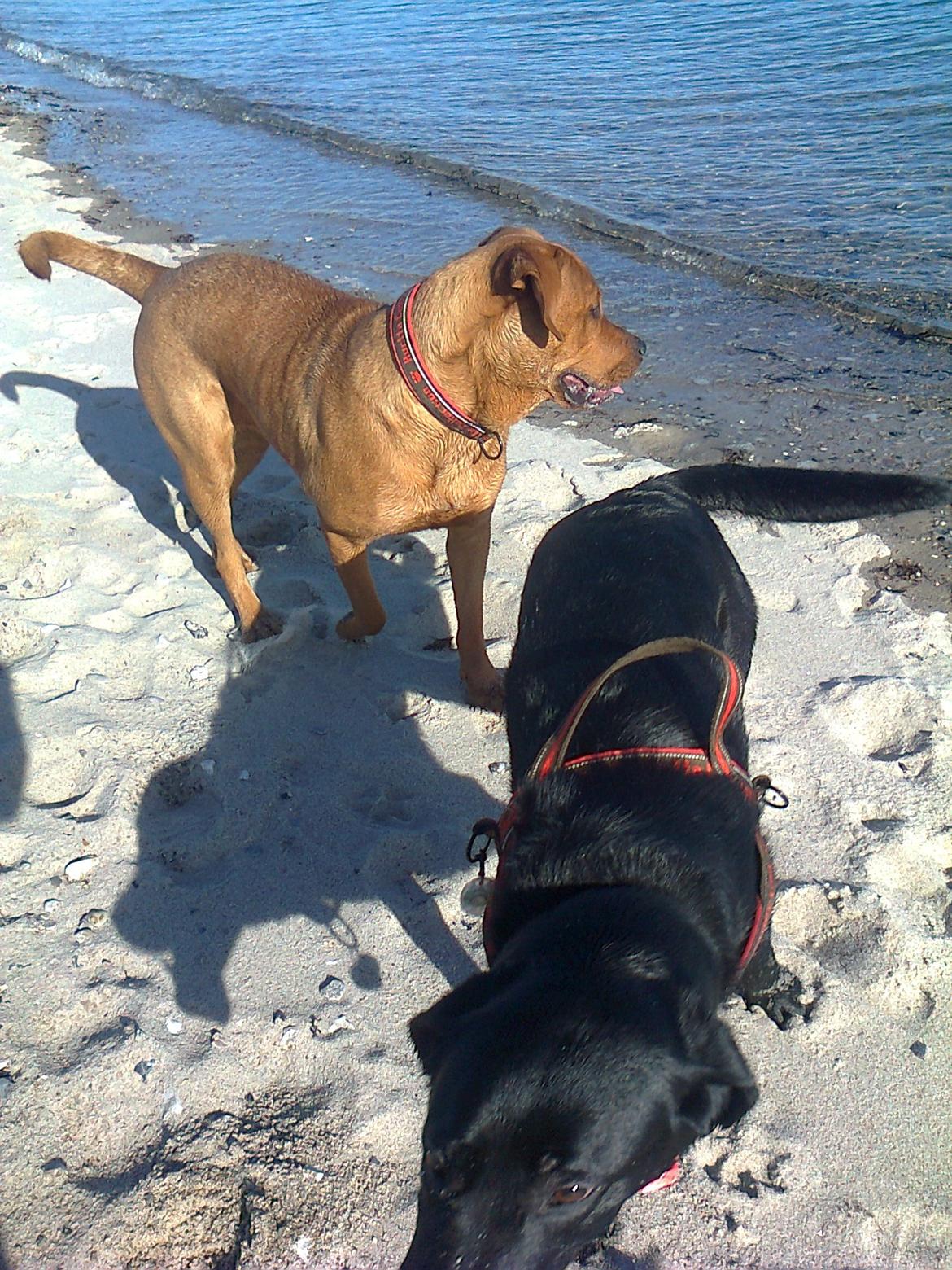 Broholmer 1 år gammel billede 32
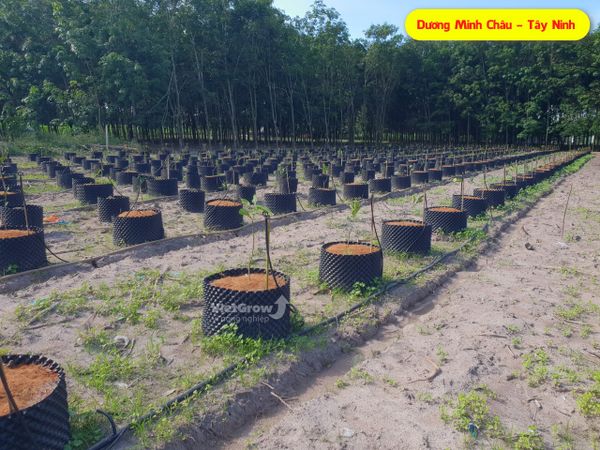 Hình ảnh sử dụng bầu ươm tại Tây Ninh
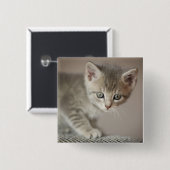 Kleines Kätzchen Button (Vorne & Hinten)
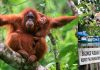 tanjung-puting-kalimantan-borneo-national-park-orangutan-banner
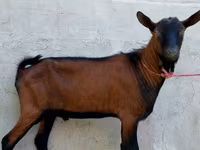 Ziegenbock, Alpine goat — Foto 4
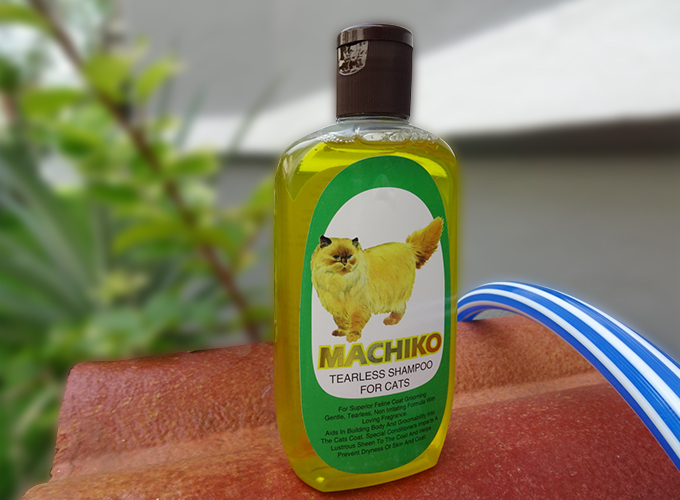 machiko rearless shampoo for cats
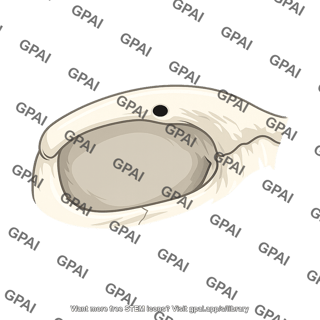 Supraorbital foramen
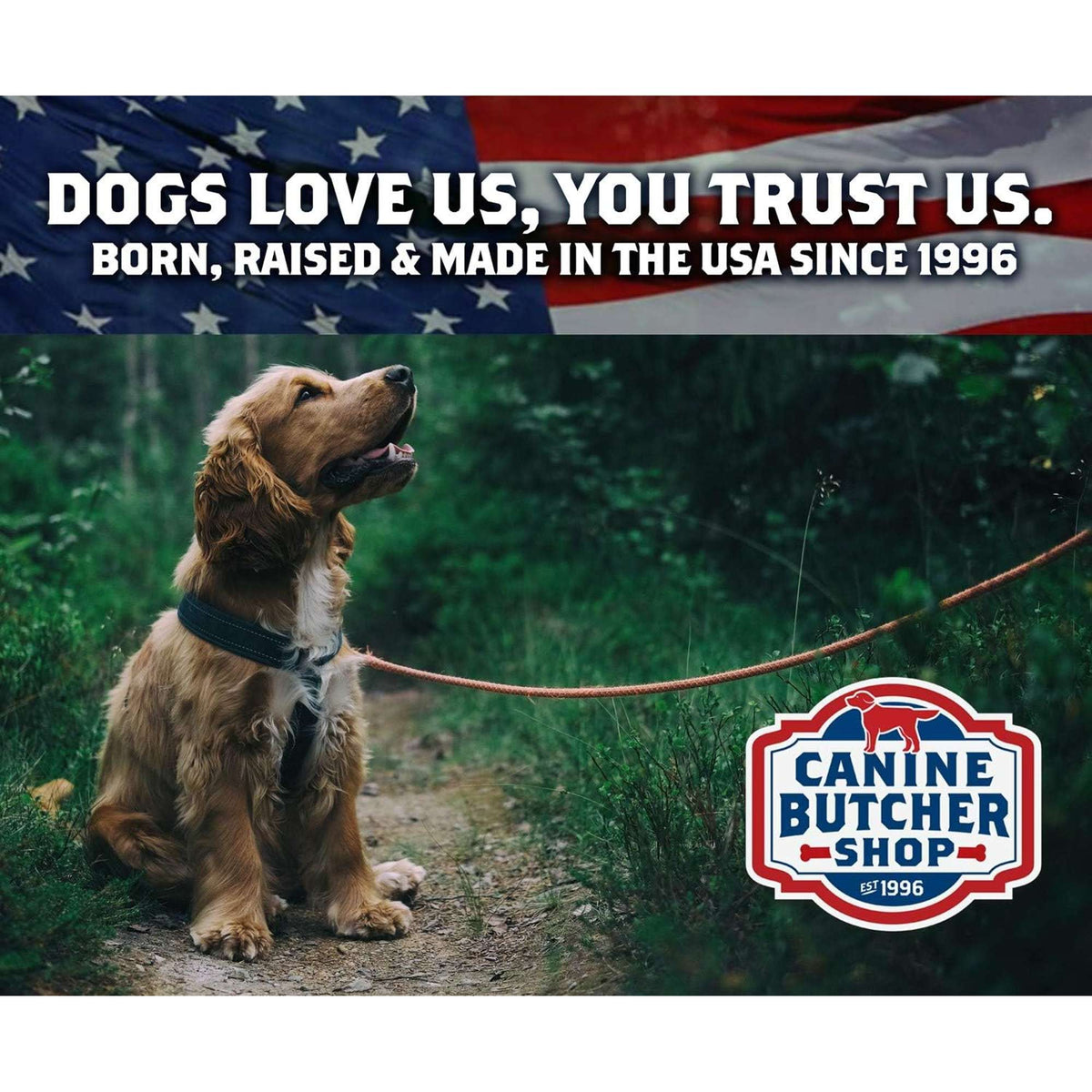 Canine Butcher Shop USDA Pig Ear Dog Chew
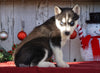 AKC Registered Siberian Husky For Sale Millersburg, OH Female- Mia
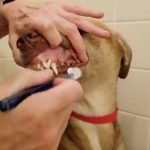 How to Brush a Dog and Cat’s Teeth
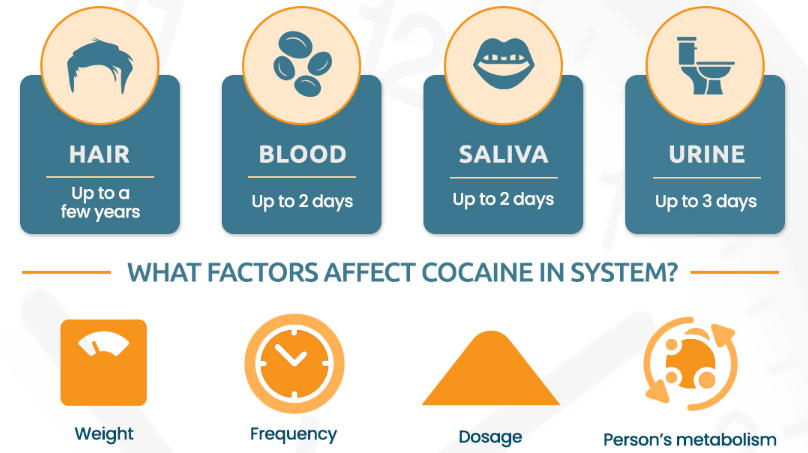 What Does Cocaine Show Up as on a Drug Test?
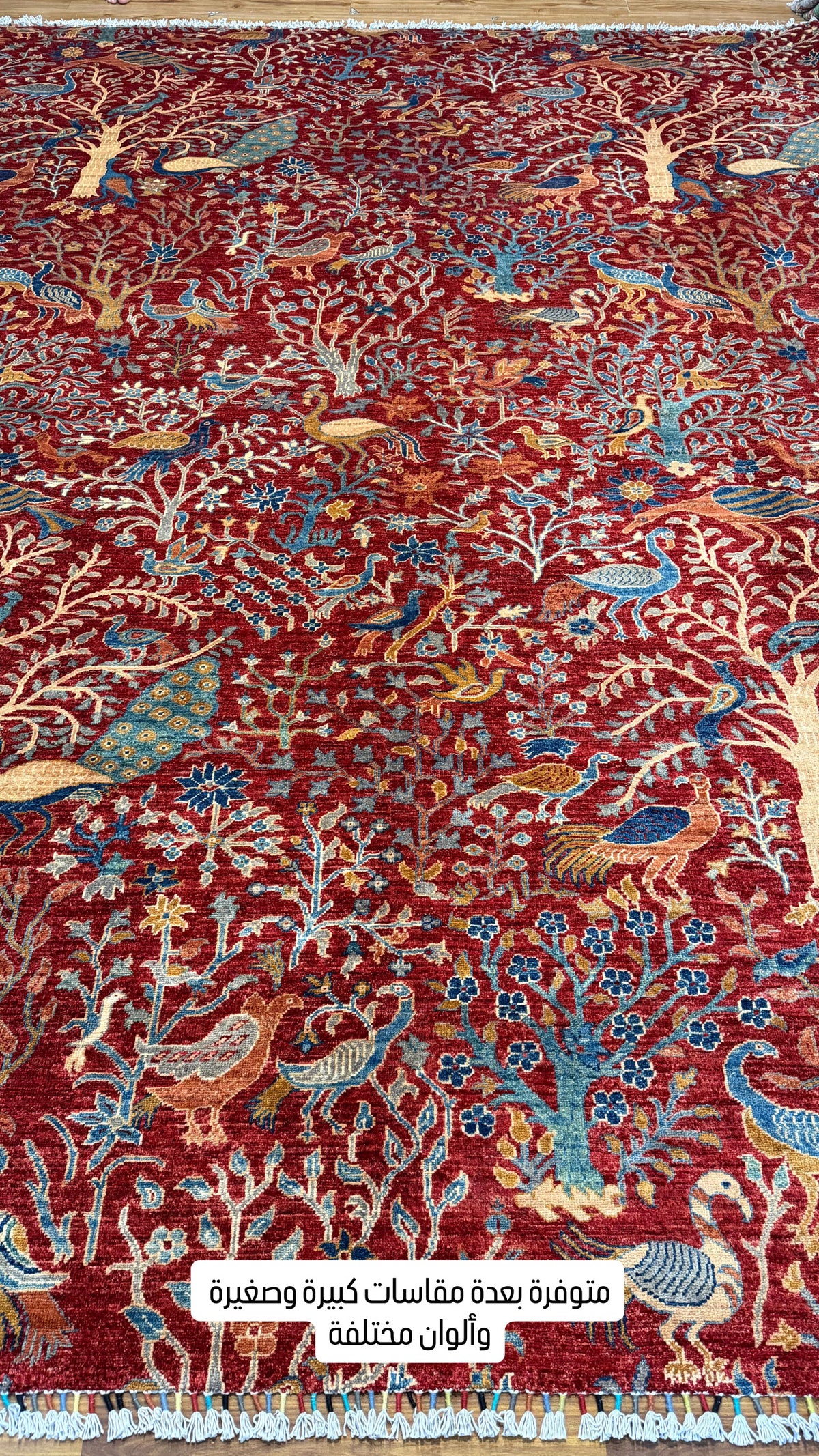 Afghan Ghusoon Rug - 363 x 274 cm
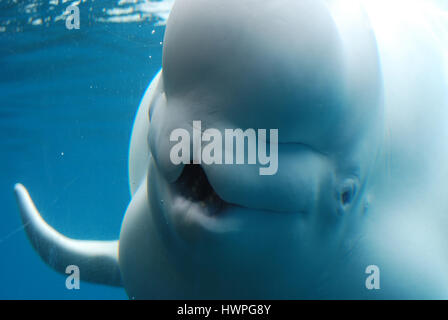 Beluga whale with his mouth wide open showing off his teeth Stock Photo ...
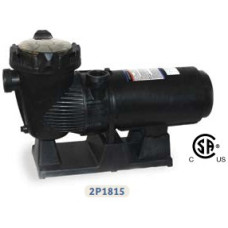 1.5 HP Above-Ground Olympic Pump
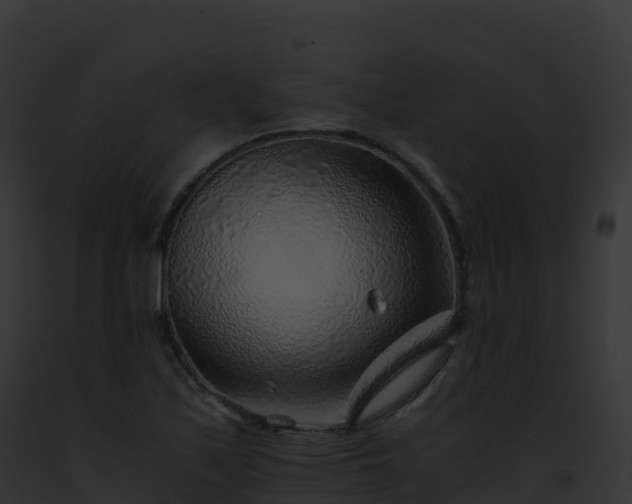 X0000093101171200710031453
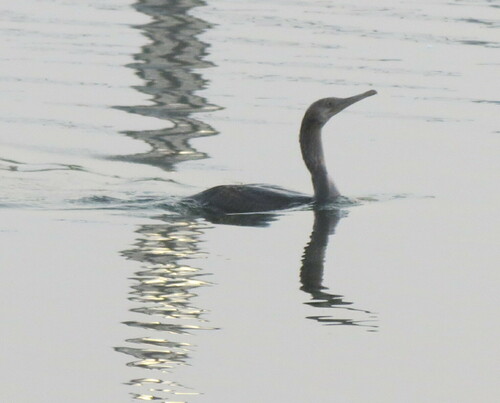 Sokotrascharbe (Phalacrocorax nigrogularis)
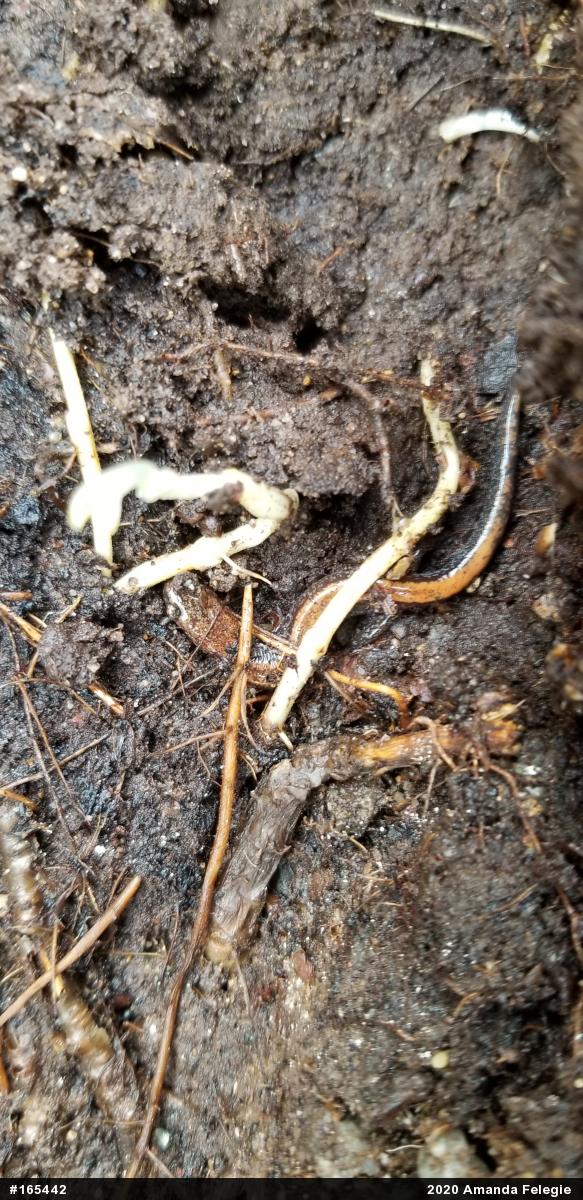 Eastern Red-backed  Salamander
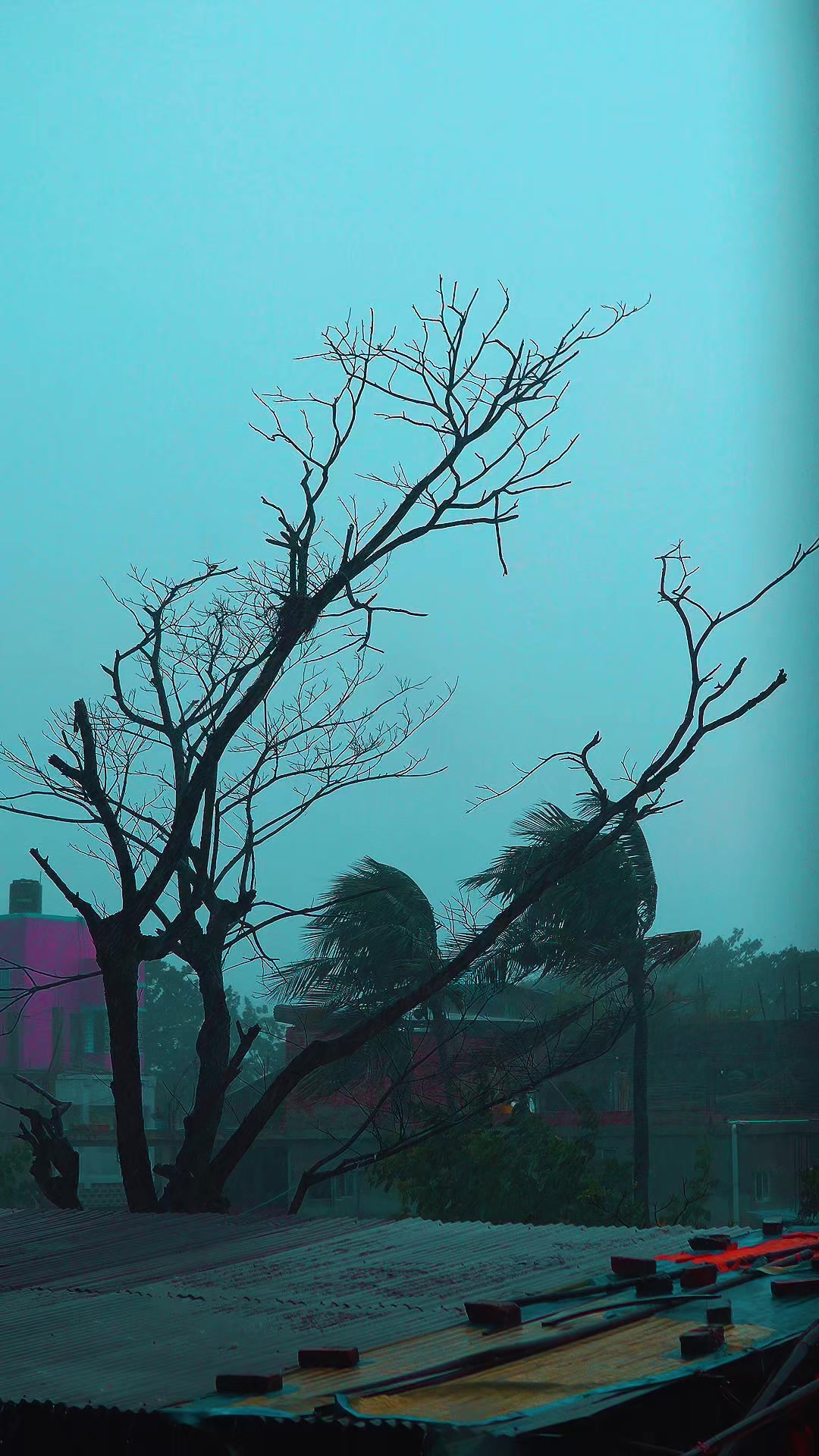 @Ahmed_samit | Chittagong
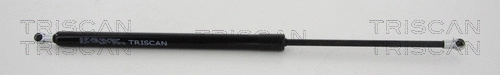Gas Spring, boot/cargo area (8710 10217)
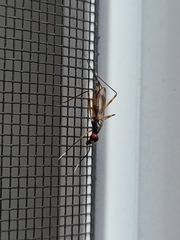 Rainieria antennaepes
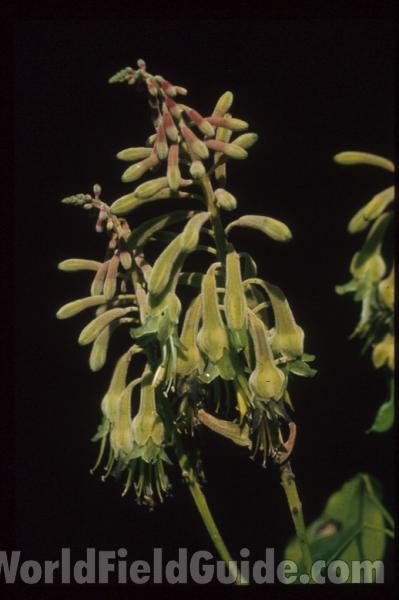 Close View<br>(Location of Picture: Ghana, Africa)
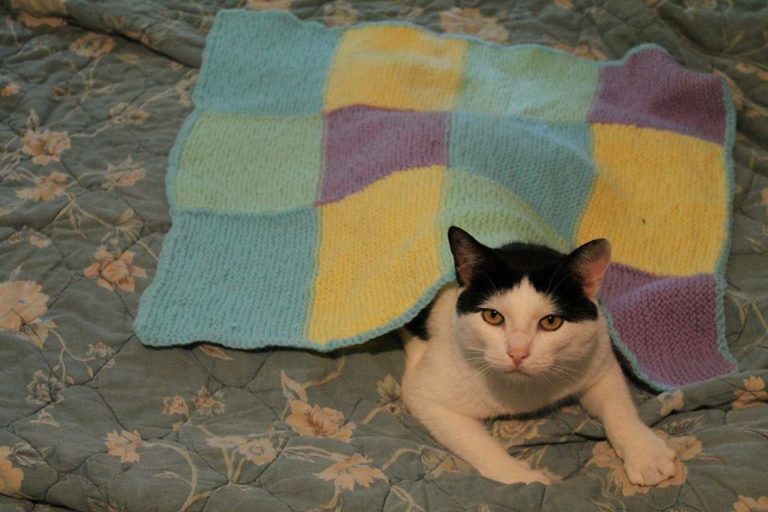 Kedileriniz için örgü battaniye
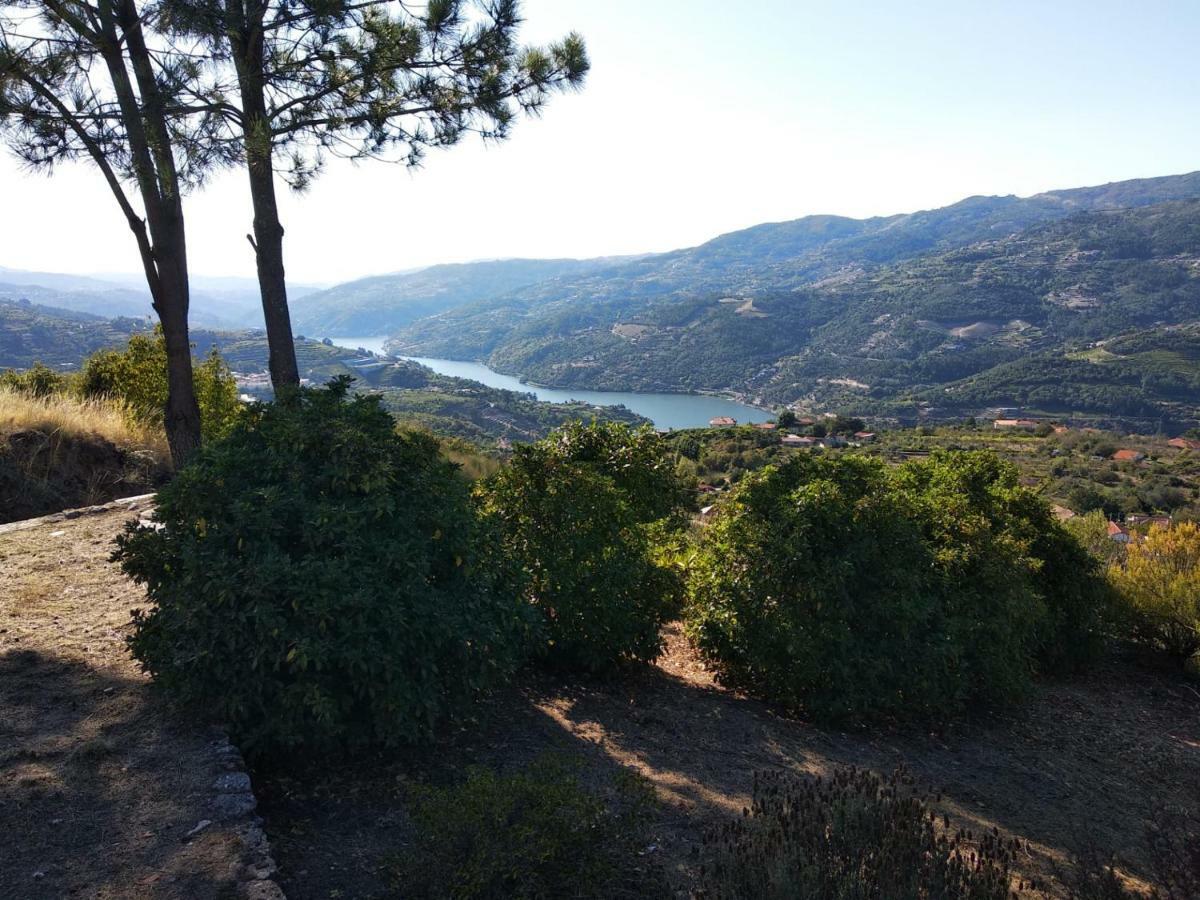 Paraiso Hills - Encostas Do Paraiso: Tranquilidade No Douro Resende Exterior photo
══════
When copying the listing above, begin at its first line and stop after the line with "Supraorbital foramen", keeping each line exact and dropping the pictures.

▸ **Problem solution**
 Broholmer 1 år gammel billede 32
 Hình ảnh sử dụng bầu ươm tại Tây Ninh
 Kleines Kätzchen Button (Vorne & Hinten)
 tanjung-puting-kalimantan-borneo-national-park-orangutan-banner
 Ziegenbock, Alpine goat — Foto 4
 machiko rearless shampoo for cats
 Supraorbital foramen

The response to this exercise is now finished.